On Wed, Jun 27, 2007 at 05:45:54AM -0700, Phil Carmody wrote:
> Say I had a string satisfying /^[A-Z_]{6}$/, but not equal to '______'
> and I wish to extract from that the 1 or 2 letters which are closest to
> the n-th character in the string.
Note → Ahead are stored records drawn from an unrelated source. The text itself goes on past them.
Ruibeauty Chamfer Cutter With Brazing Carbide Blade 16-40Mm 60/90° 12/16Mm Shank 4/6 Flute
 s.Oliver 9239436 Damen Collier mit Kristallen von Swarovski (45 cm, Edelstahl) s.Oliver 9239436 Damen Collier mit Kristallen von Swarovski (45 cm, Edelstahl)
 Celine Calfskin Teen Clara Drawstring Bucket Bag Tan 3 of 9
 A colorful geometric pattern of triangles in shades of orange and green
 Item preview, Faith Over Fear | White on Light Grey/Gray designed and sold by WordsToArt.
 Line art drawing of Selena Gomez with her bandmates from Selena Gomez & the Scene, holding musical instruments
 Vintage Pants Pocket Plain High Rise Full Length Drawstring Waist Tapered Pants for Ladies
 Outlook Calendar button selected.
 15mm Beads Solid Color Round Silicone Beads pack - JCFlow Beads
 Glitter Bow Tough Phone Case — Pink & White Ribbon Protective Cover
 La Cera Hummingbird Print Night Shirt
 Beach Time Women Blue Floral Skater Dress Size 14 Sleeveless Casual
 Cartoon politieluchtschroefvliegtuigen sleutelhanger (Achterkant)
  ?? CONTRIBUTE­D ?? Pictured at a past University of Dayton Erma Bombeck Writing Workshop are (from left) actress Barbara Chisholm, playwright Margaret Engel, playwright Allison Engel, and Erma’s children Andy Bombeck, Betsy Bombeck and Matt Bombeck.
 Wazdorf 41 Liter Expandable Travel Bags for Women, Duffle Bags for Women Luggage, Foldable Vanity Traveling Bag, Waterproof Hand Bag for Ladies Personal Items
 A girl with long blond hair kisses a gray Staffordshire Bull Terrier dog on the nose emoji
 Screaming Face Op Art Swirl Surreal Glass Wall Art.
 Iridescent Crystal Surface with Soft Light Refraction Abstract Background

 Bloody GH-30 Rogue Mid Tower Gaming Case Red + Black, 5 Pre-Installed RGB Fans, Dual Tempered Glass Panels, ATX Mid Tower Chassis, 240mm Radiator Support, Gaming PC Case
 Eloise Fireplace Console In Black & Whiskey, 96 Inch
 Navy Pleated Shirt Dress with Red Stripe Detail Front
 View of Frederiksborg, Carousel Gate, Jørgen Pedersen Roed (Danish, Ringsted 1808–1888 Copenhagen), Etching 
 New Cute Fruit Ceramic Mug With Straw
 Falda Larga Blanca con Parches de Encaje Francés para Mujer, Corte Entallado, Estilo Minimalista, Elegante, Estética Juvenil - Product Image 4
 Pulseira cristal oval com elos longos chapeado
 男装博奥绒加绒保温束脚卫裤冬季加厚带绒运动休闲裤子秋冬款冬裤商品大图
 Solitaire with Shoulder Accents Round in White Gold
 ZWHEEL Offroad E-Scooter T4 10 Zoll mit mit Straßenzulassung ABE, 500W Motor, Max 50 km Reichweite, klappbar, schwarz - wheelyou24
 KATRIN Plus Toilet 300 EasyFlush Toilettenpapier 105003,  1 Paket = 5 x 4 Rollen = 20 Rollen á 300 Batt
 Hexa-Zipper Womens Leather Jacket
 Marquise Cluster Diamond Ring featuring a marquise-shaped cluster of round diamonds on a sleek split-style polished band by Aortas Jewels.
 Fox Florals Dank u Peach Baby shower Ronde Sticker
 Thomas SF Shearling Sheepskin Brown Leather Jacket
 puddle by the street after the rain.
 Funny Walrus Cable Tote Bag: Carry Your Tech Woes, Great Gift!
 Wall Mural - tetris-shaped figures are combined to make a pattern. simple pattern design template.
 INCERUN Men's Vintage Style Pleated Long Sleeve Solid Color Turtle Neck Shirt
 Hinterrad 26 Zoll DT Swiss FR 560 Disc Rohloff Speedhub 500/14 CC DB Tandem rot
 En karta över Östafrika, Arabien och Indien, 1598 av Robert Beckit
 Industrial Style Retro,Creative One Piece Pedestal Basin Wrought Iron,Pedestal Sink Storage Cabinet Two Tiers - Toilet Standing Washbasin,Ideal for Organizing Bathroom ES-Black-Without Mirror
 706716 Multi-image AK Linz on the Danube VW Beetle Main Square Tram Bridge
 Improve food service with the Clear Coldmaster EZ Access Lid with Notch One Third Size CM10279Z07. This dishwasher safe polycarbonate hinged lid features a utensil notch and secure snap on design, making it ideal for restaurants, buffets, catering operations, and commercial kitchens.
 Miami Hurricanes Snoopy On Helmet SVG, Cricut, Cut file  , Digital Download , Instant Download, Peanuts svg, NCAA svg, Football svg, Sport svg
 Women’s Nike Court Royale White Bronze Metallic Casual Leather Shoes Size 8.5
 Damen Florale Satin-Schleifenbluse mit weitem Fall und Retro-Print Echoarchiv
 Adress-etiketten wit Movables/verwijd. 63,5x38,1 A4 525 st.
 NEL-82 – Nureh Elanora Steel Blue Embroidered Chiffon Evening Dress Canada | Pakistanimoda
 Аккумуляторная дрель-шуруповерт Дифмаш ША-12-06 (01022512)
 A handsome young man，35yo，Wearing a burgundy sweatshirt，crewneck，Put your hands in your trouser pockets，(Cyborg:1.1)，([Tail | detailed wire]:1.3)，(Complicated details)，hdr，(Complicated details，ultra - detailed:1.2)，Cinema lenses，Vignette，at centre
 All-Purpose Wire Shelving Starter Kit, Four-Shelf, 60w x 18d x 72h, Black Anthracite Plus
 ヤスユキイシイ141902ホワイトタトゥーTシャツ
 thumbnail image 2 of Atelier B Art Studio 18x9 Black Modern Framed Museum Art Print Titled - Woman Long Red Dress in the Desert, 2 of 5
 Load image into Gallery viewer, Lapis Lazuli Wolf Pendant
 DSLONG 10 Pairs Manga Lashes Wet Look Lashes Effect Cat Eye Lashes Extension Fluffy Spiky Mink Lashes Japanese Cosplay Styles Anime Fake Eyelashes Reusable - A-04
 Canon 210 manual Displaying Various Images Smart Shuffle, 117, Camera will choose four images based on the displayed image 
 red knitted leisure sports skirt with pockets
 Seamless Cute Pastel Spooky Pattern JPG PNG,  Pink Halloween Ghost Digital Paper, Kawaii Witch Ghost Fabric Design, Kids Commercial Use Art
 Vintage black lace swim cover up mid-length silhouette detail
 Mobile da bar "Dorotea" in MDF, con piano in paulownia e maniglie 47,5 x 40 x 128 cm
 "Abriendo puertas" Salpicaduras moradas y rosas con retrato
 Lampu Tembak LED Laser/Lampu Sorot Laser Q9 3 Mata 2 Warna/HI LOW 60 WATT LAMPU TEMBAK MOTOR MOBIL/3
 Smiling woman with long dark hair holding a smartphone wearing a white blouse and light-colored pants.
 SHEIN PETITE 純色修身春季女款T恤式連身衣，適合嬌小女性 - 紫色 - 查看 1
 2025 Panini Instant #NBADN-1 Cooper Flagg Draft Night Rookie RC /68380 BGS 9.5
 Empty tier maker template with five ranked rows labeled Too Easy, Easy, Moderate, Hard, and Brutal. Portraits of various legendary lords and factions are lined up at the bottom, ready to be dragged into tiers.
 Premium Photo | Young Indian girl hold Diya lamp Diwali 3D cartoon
Is there a simple regexp to perform
> that task?
>
> e.g.
> if the string=A_Z_K_ then:
> if n=1, then I want 'A' (or 'AA', not fussed)
> if n=2, then I want 'AZ'
> if n=3, then I want 'Z' (or 'ZZ', not fussed)
> if n=4, then I want 'ZK'
> if n=5 or 6, then I want 'K' (or 'KK', not fussed)
>
> I can see how to do it with the concatenation of two matches from two
> substrs, but that's barely simpler than a naive loop over each character
> forwards and backwards.
Well, I wouldn't exactly call this regex simple... But I have come up with
one that does it:
for (qw/ A_Z_K_ A_____ _____K /) {
print "$_\n";
for my $n (1 .. 6) {
my $r = $n - 1;
print "$n: ";
/^(?(?=.{0,$r}[A-Z]).{0,$r}|.*)([A-Z])(?(?<!^..{$r}).*?([A-Z]|$))/
&& print "$1 $2";
print "\n";
}
}
This has the advantage of always putting the matched characters in $1 and
$2. (Note that $1 is always set; if there is no letter at or before the
position, $1 will contain the first letter after the position and $2 will
be empty.)
Here are two other approaches:
/^.{$r}([A-Z])/ || /^.{0,$r}([A-Z]).*?([A-Z]|$)/ || /^.*([A-Z])/
&& print "$1 $2";
is simpler, but uses three separate regular expressions.
/^.{$r}([A-Z])|^.{0,$r}([A-Z]).*?([A-Z]|$)|^.*([A-Z])/
&& print $1 || $4 || "$2 $3";
uses a single regular expression, but the results will be in $1, or in $2
and $3, or in $4. (And if digits were allowed the print logic would need
to be modified.)
Ronald